CubeSats

CubeSats are a class of research spacecraft called nanosatellites. CubeSats are built to standard dimensions of 4 in x 4 in x 4 in. They typically weigh less than (3 lbs). NASA’s CubeSats are deployed from a Poly-Picosatellite Orbital Deployer, or P-POD.

The P-POD is a standard deployment system that
ensures all CubeSat developers conform to common physical requirements. The P-POD
plays a critical role as the interface between the launch vehicle and CubeSats.

It utilizes a tubular design and can hold up to 12 in x 4 in x 4 in of deployable hardware. The most common configuration is three picosatellites of equal size; however, CubeSats of
different lengths can be accommodated in the same P-POD. Started in 1999, the CubeSat program was a joint effort between Cal Poly and Stanford University to develop a new class of picosatellites: the CubeSat standard. This standard is defined in the CubeSat Design Specification (CDS).

It includes information regarding nominal
dimensions of the standard, the dimension tolerances, acceptable materials, the reference coordinate system, accessible areas once inside the P-POD, and other general information.

Professors Jordi Puig-Suari and Bob Twiggs wanted their students to design, build, test, and operate a low-cost, low-mass (for reduced launch costs) satellite in space, within a timeframe of a year or two.
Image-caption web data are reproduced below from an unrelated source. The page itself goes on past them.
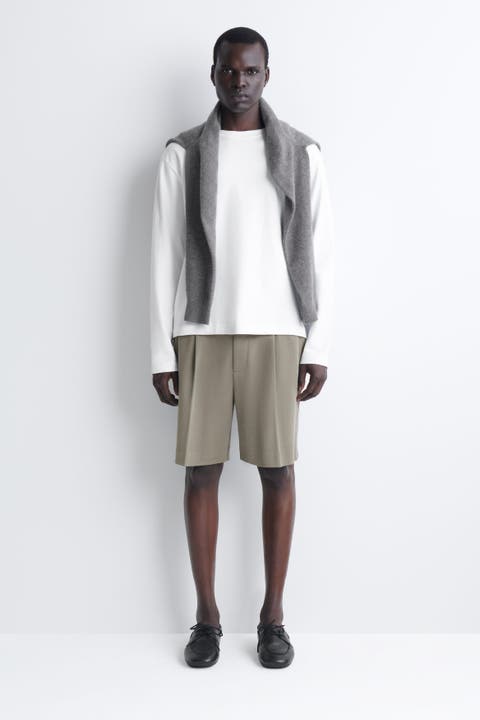Tailored Bonded-Twill Shorts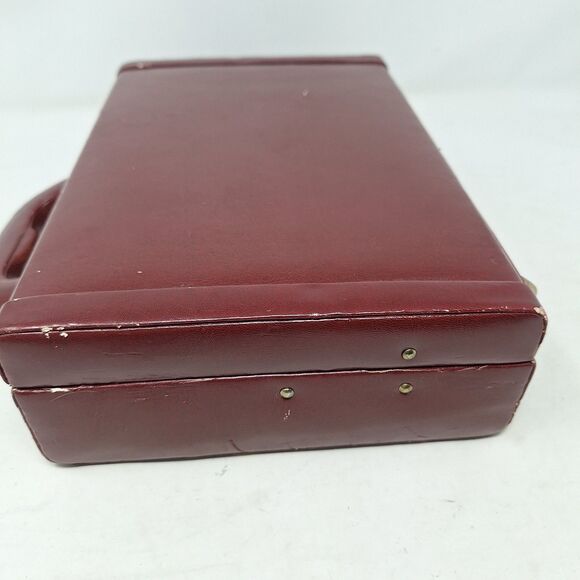 Vintage MCM Burgundy Red Faux Leather Jewelry Box Combination Lock Briefcase - Picture 9 of 15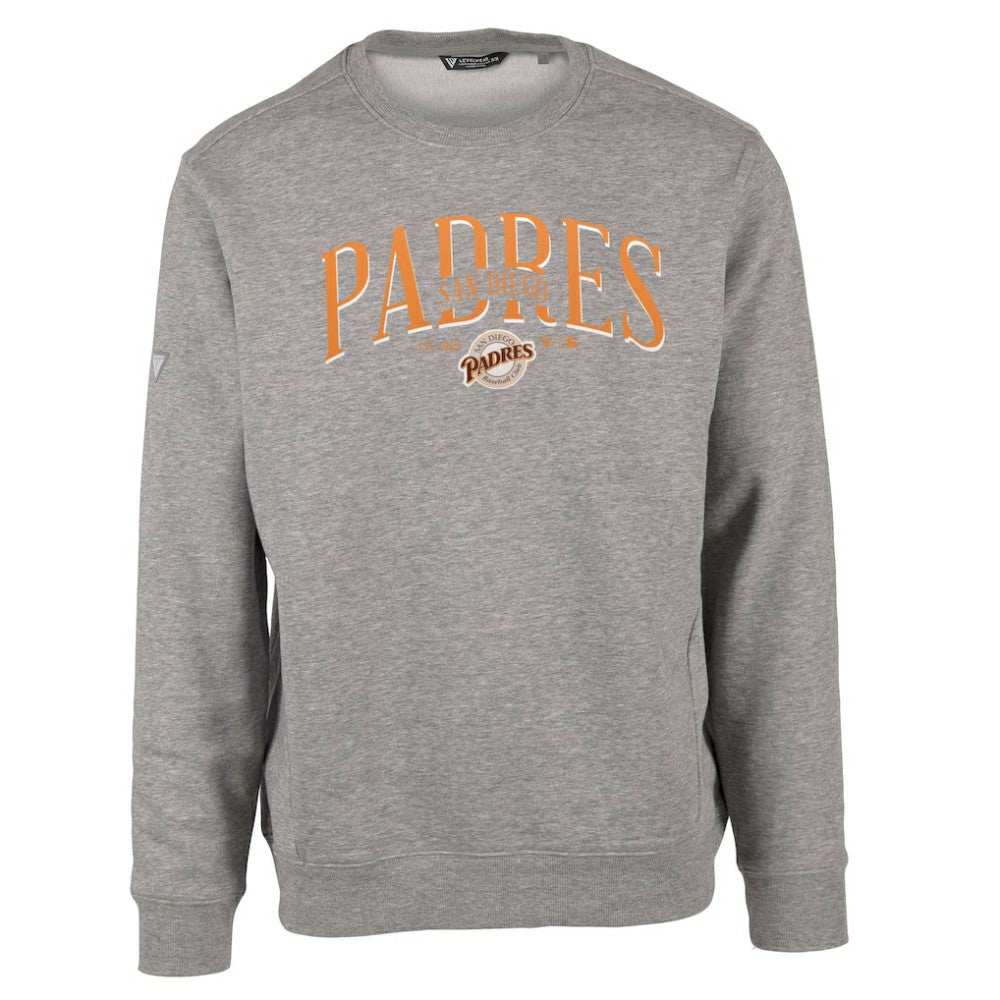 San Diego Padres Levelwear Zane Cooperstown Collection Retro Spellout Pullover Sweatshirt - Gray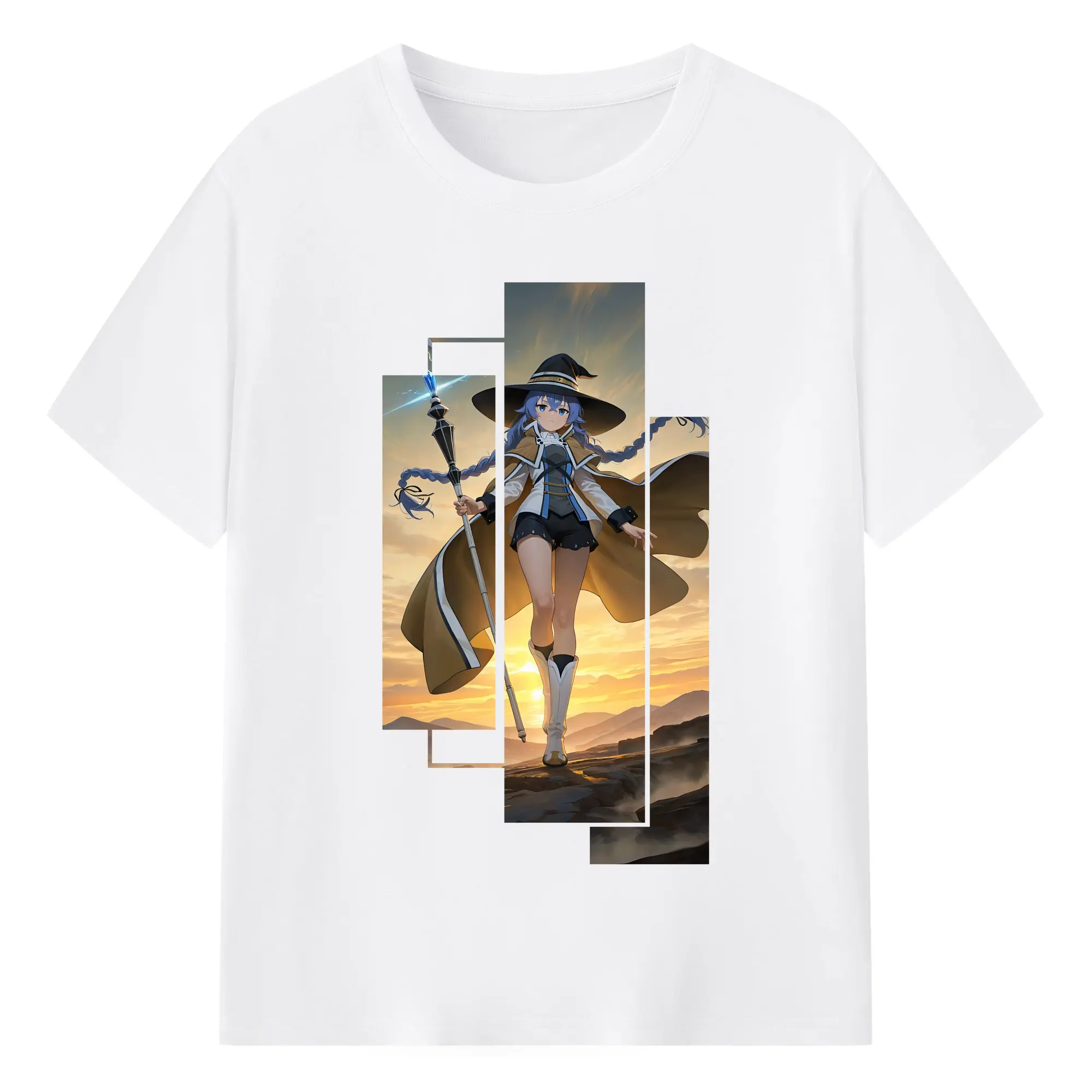 無職転生 グッズ,ロキシー・ミグルディア - 綿100％ 半袖Tシャツ ・ フロントプリント ・ 快適 通気性 ・ 日常使い 散歩 スポーツ用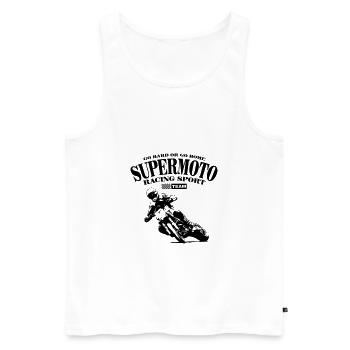 Supermoto - Männer Premium Bio Tank Top - Weiß - Vorne - Michal (187cm)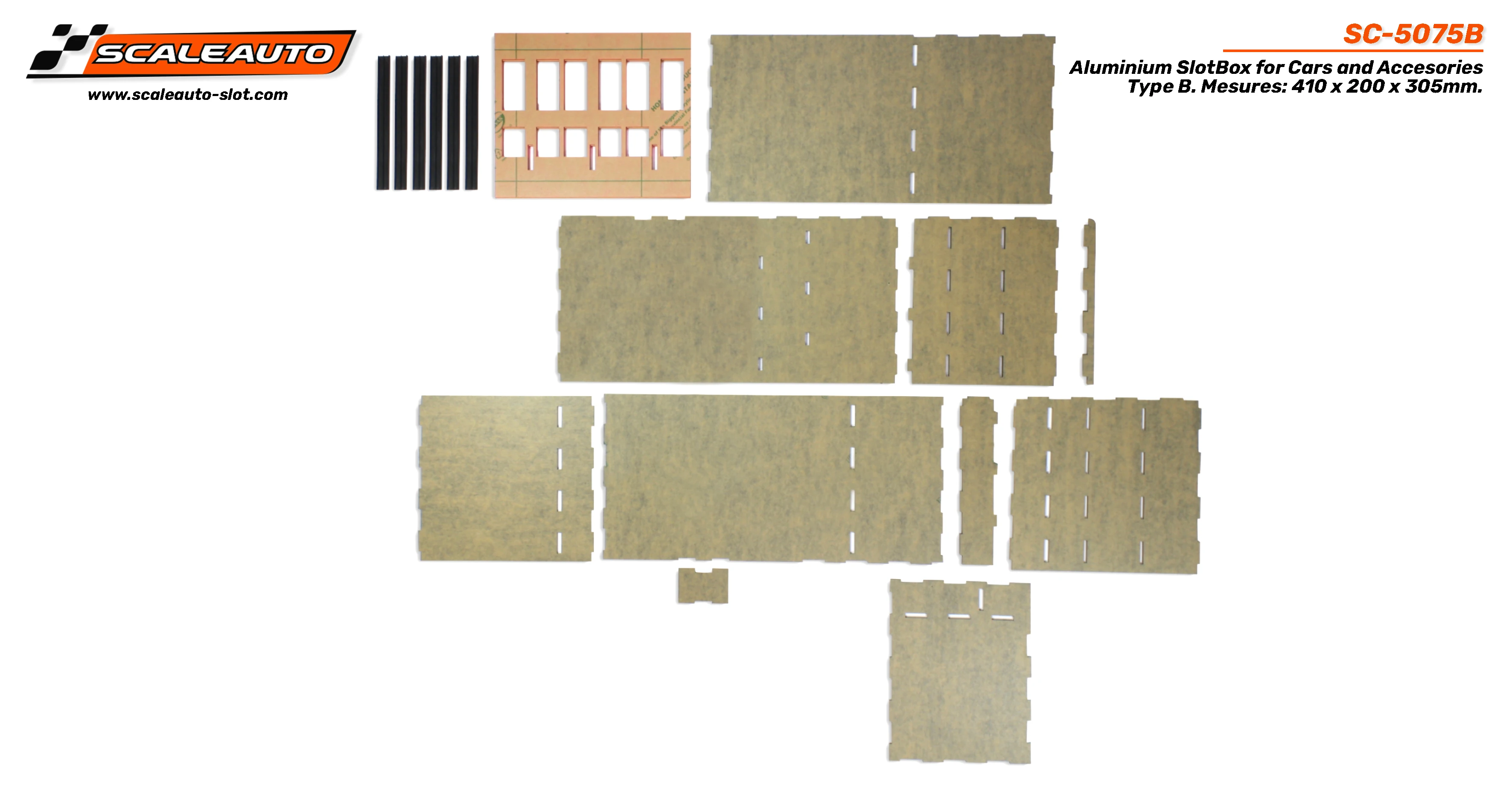 Чехол SCALEAUTO SlotBox для автомобилей и аксессуаров типа B. Измерений 410x200x305mm. |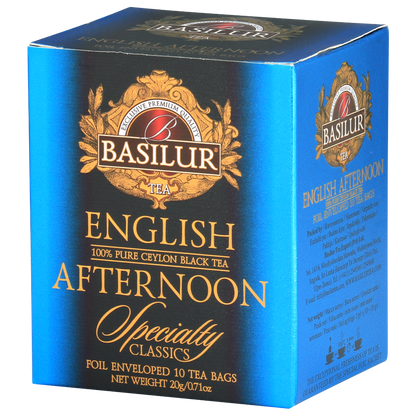Herbata Basilur English Afternoon w eleganckim niebiesko-czarnym opakowaniu Specialty Classics.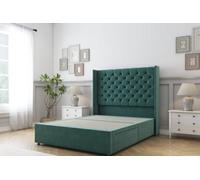 Sloomy Dior Emerald Plush Divan Bed Base No Drawers With 54" Wingback Headboard 4' Small Double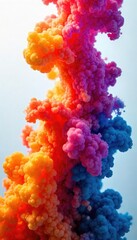 Wall Mural - close-up shot of vibrant ink swirling and diffusing in water, creating mesmerizing abstract patterns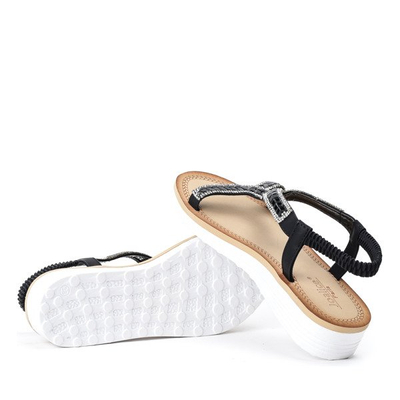 Czarne sandały na platformie z cyrkoniami Slevian - Obuwie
The first CubeSats were launched in June 2003, and there are now currently 461 CubeSat missions in space.

The communications system (COM) is severely limited by the amount of power available, which is usually around 2W. Compared to Boeing’s 702SP Spacecraft, which uses a Xenon Electrostatic ion thruster system (XIPS), operates in the low-to mid-power range of satellites, and has three to eight kilowatts of power, CubeSats’ power is exponentially less.

CubeSats use radio-communication systems in VHF, UHF, F-, S-, C- and X-band. The satellite uses an antenna, usually deployed once in orbit to help with communication. Antennas range from commercial measuring tape to more complicated inflatable dish antennas. The electrical power system (EPS) consists of solar panels and batteries.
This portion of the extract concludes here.